Task directions: Repeat verbatim the lines of the data below, beginning with the line containing "Red currant berries" and continuing to the end.
── Data to process ──
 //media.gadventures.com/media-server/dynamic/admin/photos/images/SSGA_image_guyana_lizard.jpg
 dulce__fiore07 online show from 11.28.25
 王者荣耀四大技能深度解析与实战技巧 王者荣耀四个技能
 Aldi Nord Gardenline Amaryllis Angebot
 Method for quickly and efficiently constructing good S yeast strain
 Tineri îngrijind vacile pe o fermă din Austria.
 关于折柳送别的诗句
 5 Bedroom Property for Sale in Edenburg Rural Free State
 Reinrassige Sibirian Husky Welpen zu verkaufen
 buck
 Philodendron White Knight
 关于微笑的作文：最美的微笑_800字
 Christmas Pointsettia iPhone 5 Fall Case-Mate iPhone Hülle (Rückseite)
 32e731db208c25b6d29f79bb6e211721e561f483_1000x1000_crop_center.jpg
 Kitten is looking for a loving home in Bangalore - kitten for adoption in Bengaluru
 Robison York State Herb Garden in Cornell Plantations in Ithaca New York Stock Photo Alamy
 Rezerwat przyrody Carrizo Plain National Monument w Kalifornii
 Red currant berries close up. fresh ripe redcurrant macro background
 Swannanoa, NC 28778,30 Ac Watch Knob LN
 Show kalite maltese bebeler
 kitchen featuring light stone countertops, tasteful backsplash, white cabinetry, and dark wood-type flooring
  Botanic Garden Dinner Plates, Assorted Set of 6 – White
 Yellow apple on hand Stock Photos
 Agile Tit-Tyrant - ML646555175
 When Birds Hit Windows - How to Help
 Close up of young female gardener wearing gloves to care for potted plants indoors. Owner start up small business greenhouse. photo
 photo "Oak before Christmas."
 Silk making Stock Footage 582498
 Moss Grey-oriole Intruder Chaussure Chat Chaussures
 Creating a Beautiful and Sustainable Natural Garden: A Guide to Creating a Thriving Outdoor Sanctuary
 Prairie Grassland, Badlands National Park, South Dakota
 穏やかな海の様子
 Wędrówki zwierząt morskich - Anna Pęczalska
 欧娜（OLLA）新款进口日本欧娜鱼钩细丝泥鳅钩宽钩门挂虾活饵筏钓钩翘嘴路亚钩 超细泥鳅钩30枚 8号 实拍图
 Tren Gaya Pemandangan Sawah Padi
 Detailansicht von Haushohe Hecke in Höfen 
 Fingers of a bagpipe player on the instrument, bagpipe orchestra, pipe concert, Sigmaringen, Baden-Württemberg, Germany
───
Written reply:
 Red currant berries close up. fresh ripe redcurrant macro background
 Swannanoa, NC 28778,30 Ac Watch Knob LN
 Show kalite maltese bebeler
 kitchen featuring light stone countertops, tasteful backsplash, white cabinetry, and dark wood-type flooring
  Botanic Garden Dinner Plates, Assorted Set of 6 – White
 Yellow apple on hand Stock Photos
 Agile Tit-Tyrant - ML646555175
 When Birds Hit Windows - How to Help
 Close up of young female gardener wearing gloves to care for potted plants indoors. Owner start up small business greenhouse. photo
 photo "Oak before Christmas."
 Silk making Stock Footage 582498
 Moss Grey-oriole Intruder Chaussure Chat Chaussures
 Creating a Beautiful and Sustainable Natural Garden: A Guide to Creating a Thriving Outdoor Sanctuary
 Prairie Grassland, Badlands National Park, South Dakota
 穏やかな海の様子
 Wędrówki zwierząt morskich - Anna Pęczalska
 欧娜（OLLA）新款进口日本欧娜鱼钩细丝泥鳅钩宽钩门挂虾活饵筏钓钩翘嘴路亚钩 超细泥鳅钩30枚 8号 实拍图
 Tren Gaya Pemandangan Sawah Padi
 Detailansicht von Haushohe Hecke in Höfen 
 Fingers of a bagpipe player on the instrument, bagpipe orchestra, pipe concert, Sigmaringen, Baden-Württemberg, Germany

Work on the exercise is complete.